§ **Exercise**: For the entries that follow, retype exactly the lines from the one containing "A Saudi city, a" to the one containing "Building Photo - 865", inclusive, and only those. Images stay out of the copy.

§ **Information**:

============

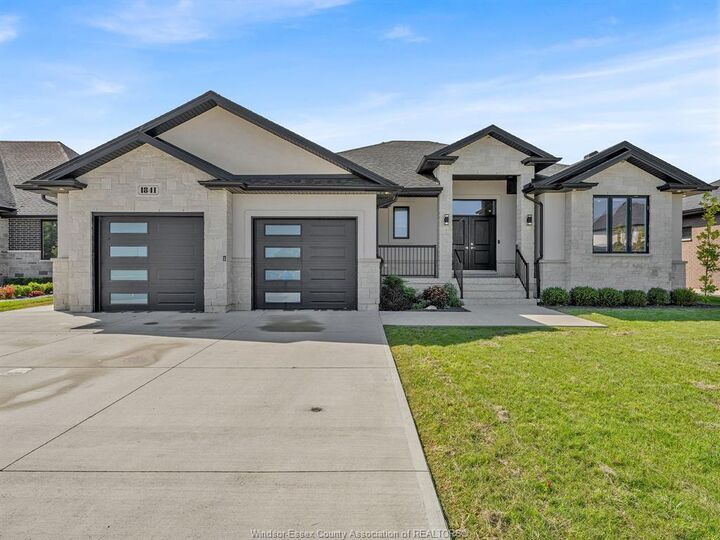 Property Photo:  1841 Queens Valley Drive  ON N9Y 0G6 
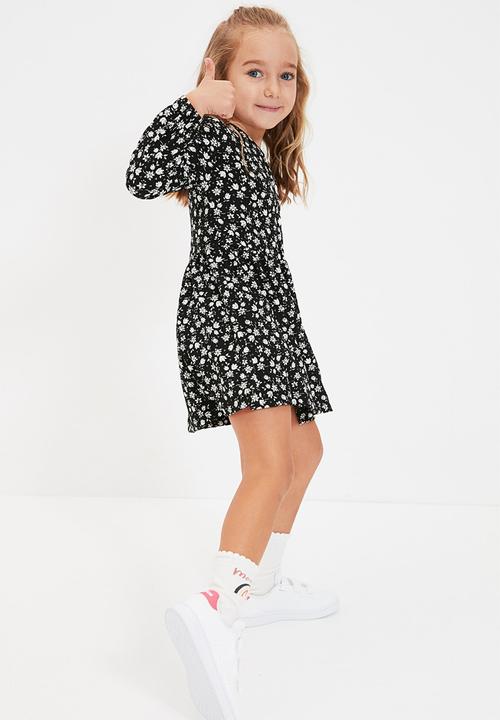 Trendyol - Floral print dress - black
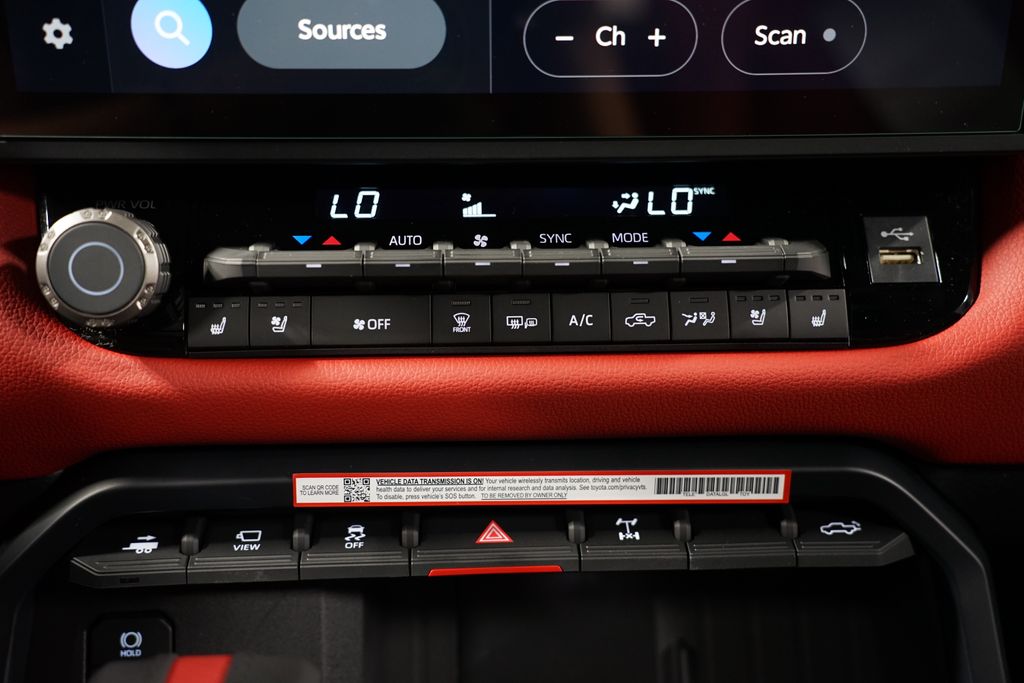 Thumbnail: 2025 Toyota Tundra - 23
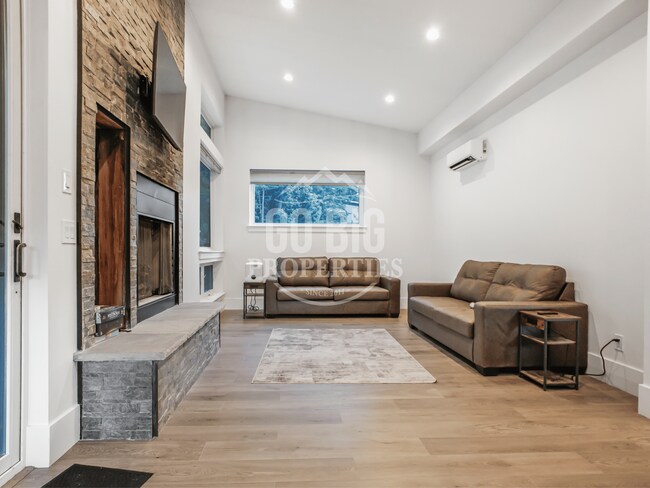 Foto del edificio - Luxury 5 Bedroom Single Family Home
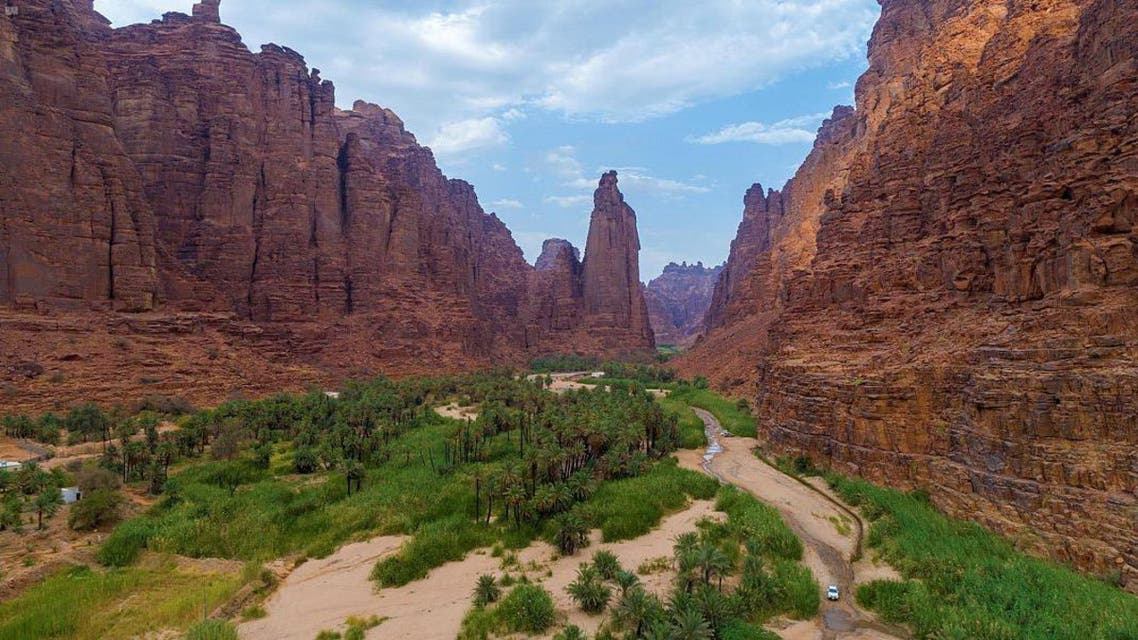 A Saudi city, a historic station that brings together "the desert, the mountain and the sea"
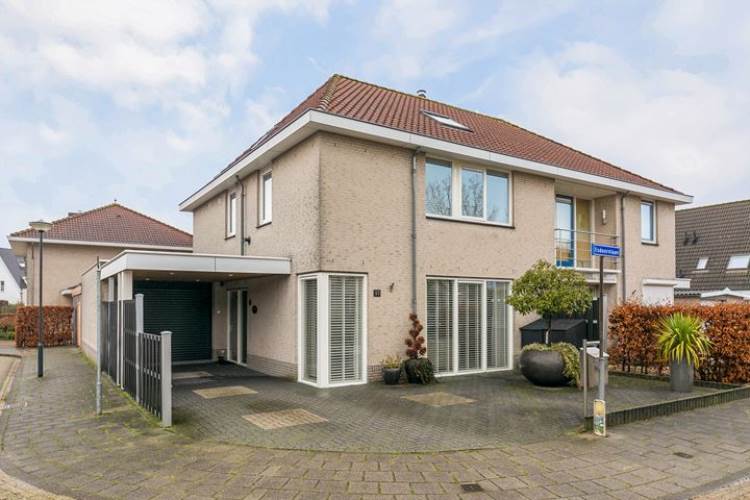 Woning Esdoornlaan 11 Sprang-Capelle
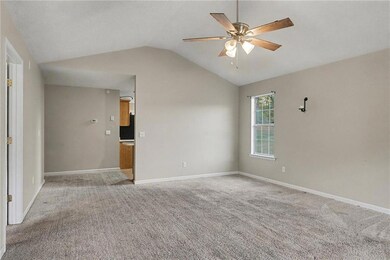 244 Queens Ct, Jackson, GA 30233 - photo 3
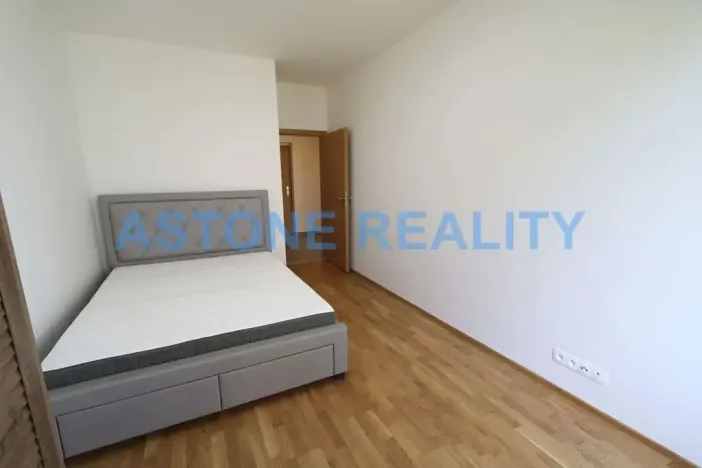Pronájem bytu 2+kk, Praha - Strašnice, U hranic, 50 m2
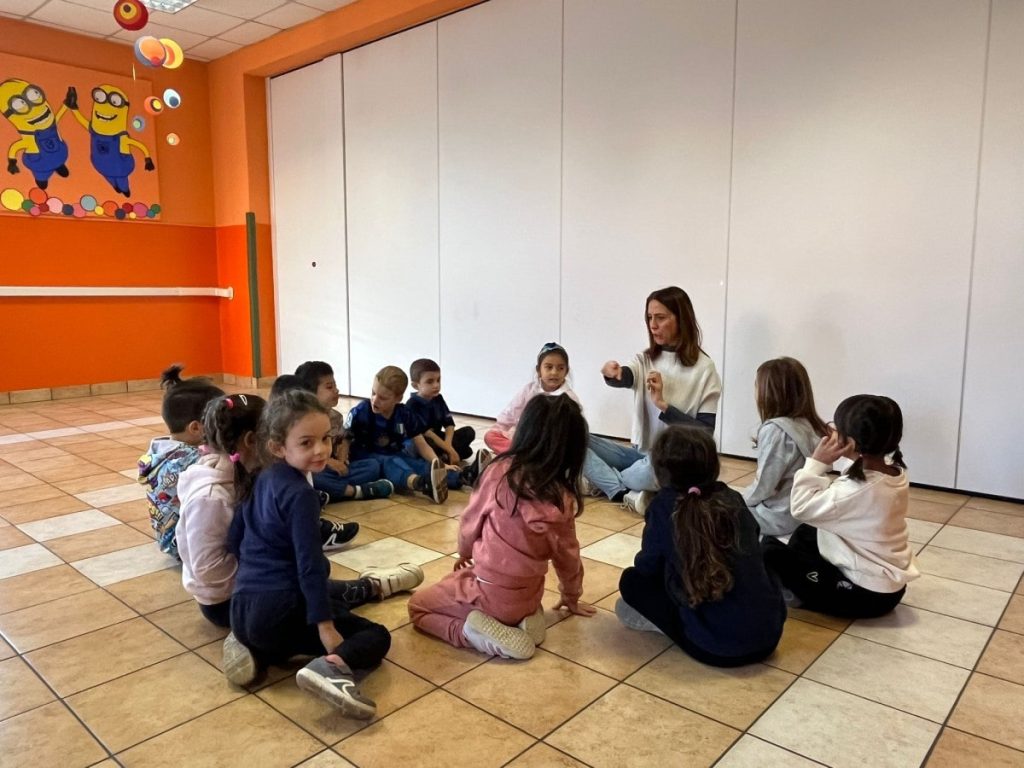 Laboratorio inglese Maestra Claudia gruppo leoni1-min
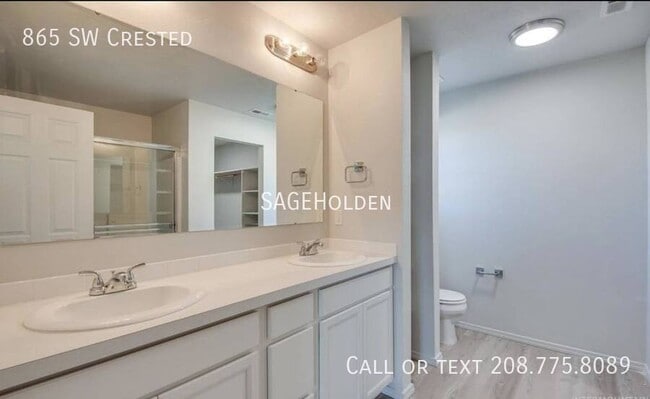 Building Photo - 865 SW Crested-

============

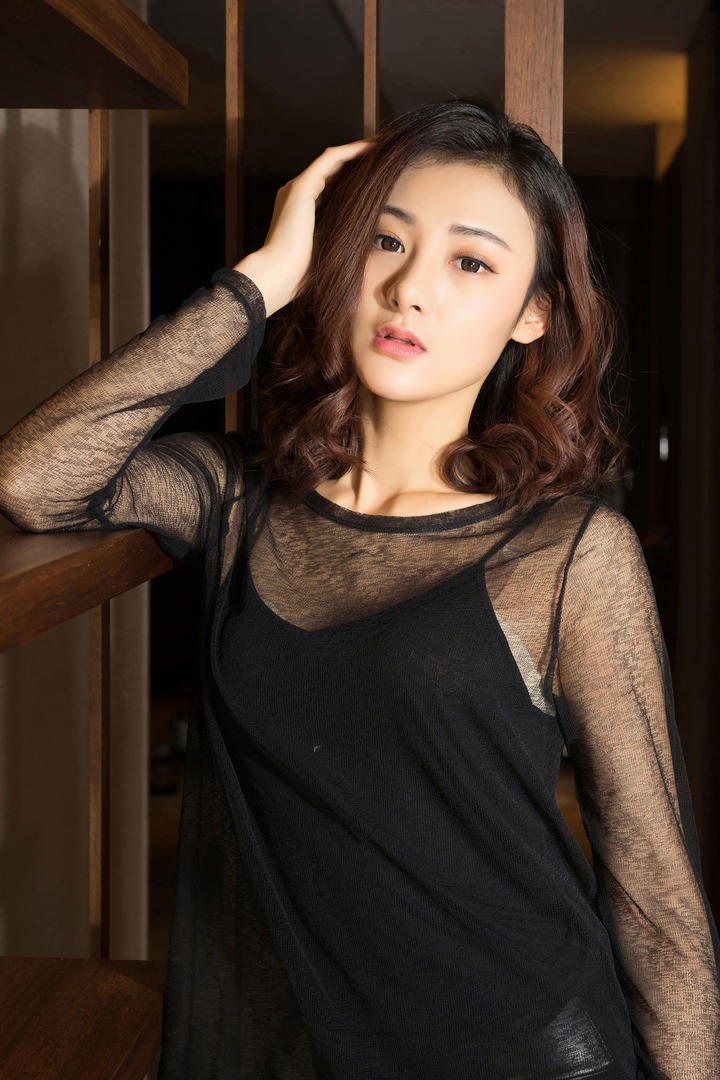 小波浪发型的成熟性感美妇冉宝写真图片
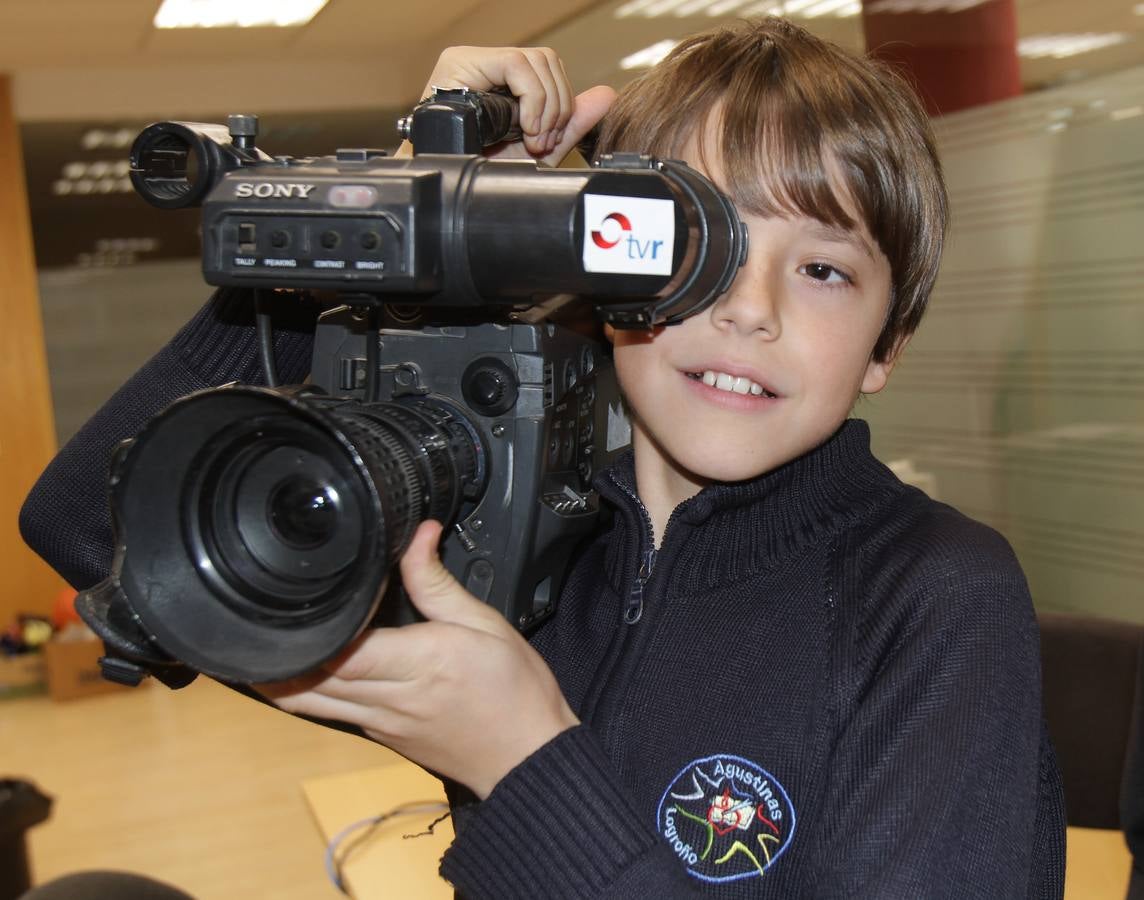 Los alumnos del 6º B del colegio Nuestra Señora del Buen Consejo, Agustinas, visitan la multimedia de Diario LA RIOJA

============

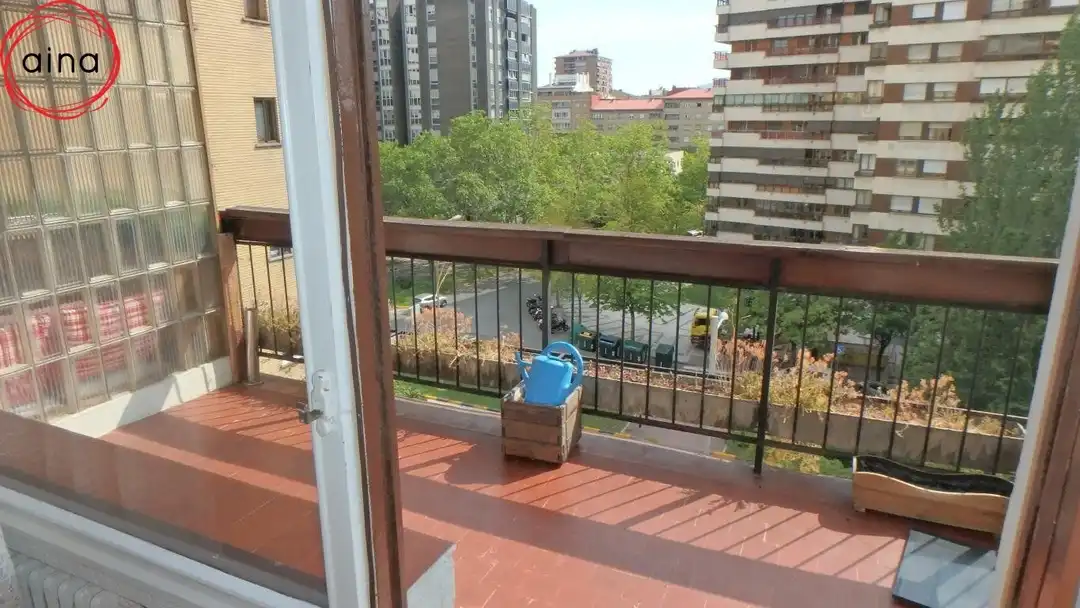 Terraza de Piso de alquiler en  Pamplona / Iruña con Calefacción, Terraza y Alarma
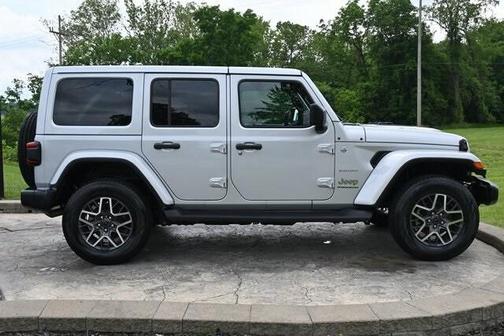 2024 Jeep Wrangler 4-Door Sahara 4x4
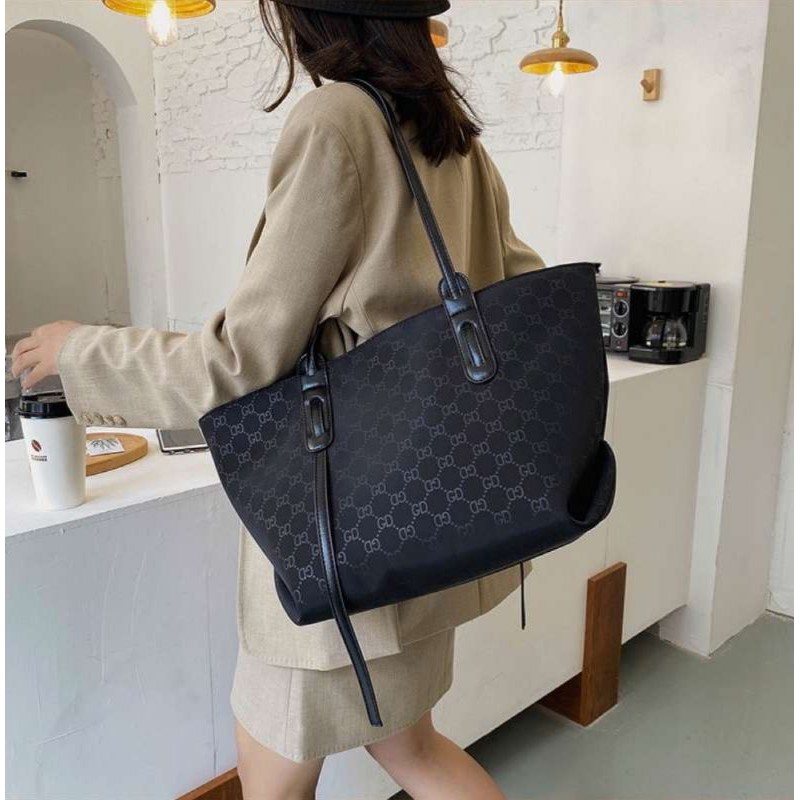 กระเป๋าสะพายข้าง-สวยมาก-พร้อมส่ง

============

§ **Exercise solution**:
 A Saudi city, a historic station that brings together "the desert, the mountain and the sea"
 Woning Esdoornlaan 11 Sprang-Capelle
 244 Queens Ct, Jackson, GA 30233 - photo 3
Pronájem bytu 2+kk, Praha - Strašnice, U hranic, 50 m2
 Laboratorio inglese Maestra Claudia gruppo leoni1-min
 Building Photo - 865 SW Crested-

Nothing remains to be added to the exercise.